Question

the freezing point of 0.2 molal K2SO4 is -1.1°c calculate percentage degree of dissociation of K2SO4(kf for water is 1.86°)​

Answer 1

Answer:

Depression in Freezing Point =∆Tb x m. Where ∆Tb= Cryoscopic Constant= 1.86° C/m for water.

So Depression in Freezing Point =1.86 x 0.1= 0.186° C.

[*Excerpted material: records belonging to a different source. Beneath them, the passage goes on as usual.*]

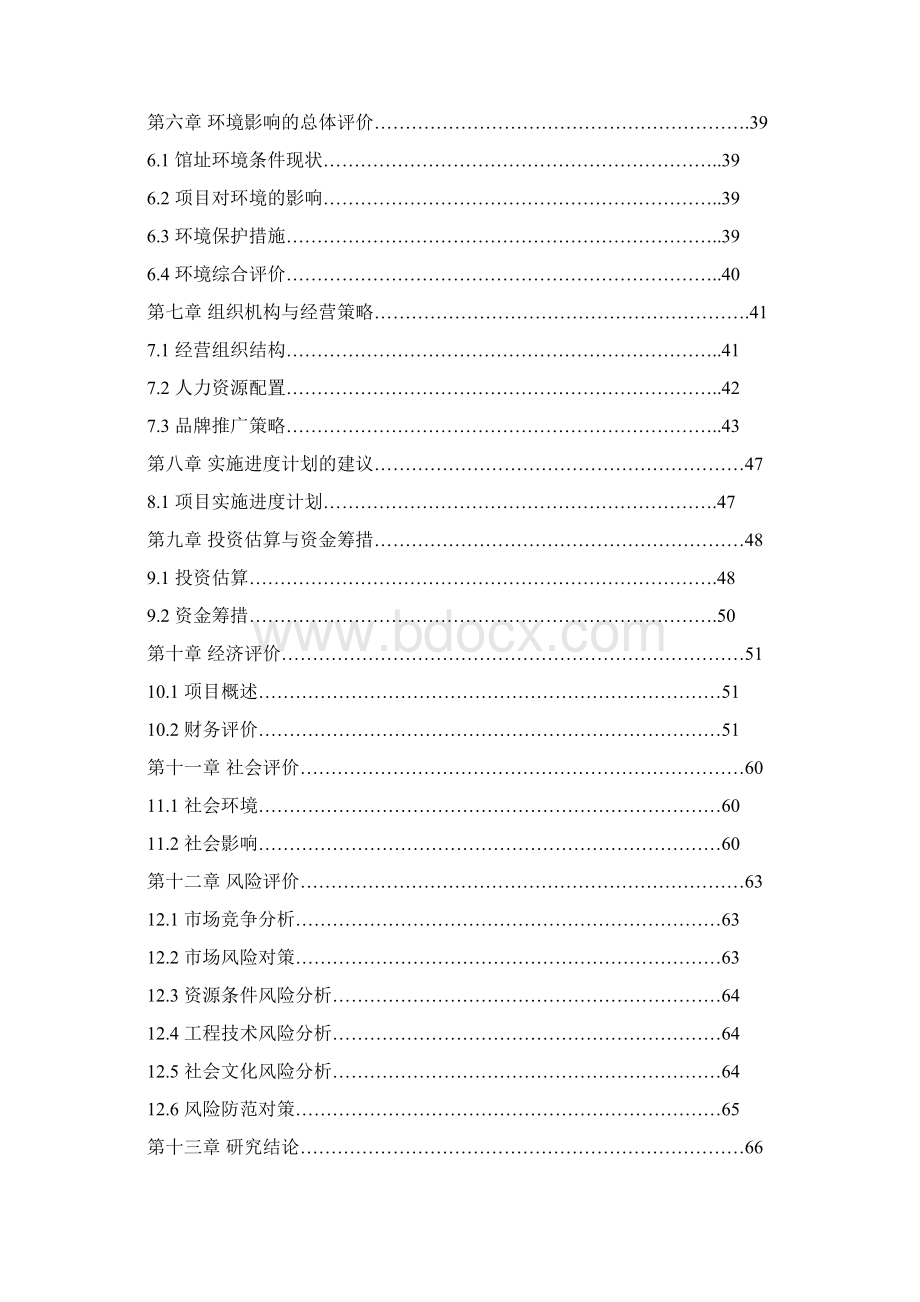 完美精品推荐互联网+XXXX自然博物馆项目可行性研究报告精编版本.docx_第2页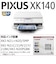 キヤノン　A4カラーインクジェットプリンター複合機 PIXUS(ピクサス) ［カード/名刺～A4］ ホワイト XK140
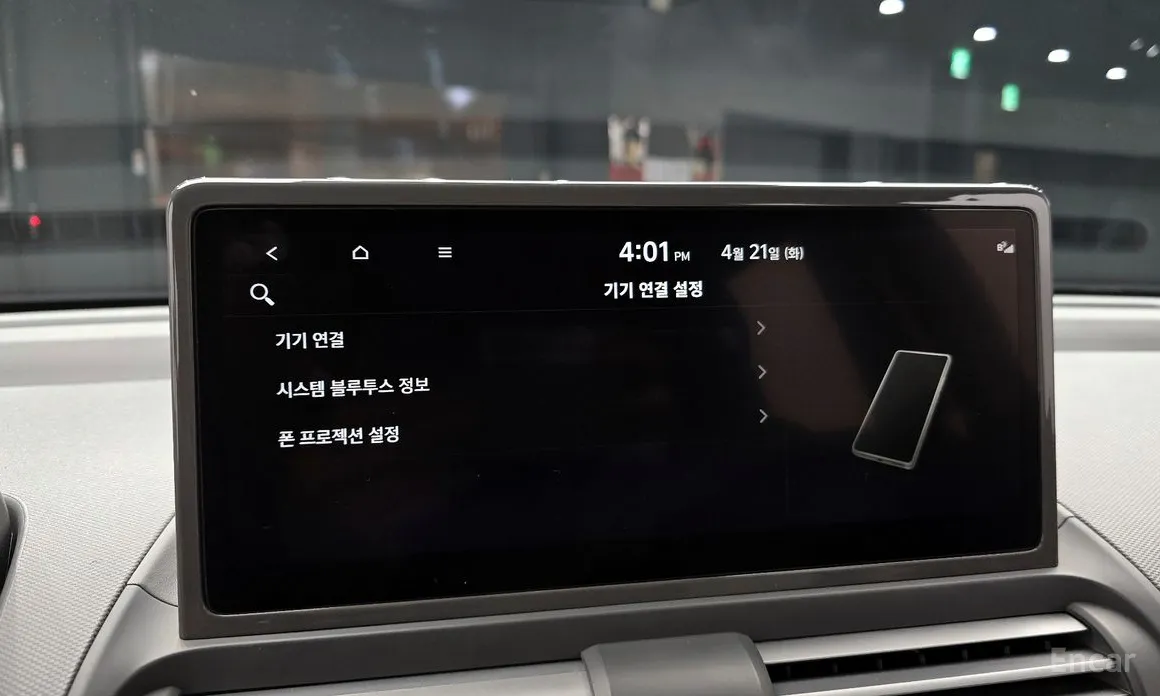Hyundai Casper 2024 The Essential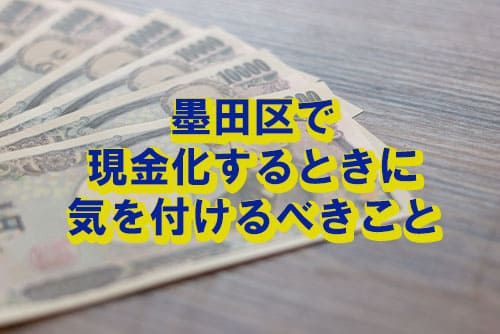 墨田区で現金化するときに気を付けるべきこと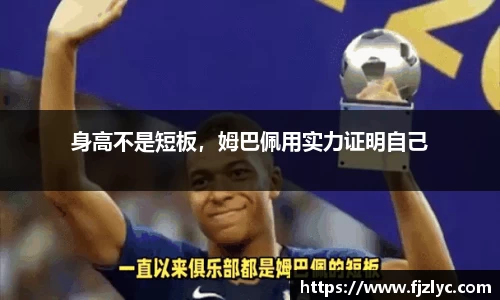 身高不是短板，姆巴佩用实力证明自己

Freezing Point of Water=0°C.

Freezing Point of 0.1 m Urea

=0°C-(0.186) =-0.186°C= 273 0.186=272.814 K

Answer 2

Given:

Molality, m = 0.2 m

Freezing point, Tf = - 1.1 °C

Kf = 1.86

To Find:

The percentage degree of dissociation of K2SO4.

Calculation:

- Depression in freezing point, ΔTf = 0 -(-1.1)

⇒ ΔTf = 1.1

- For K2SO4, we have:

ΔTf = i × Kf × m

⇒ i = ΔTf / (Kf × m)

⇒ i = 1.1 / (1.86 × 0.2)

⇒ i = 1.1 / 0.372

⇒ i = 2.957

- For K2SO4, n = 3

- Degree of dissociation is given as:

α = (i - 1)/(n -1)

⇒ α = (2.957 - 1)/(3-1)

⇒ α = 1.957/2

⇒ α = 0.9785

⇒ % α = 0.9785 × 100

⇒ % α = 97.85 %

- So, the percentage degree of dissociation of K2SO4 is 97.85%.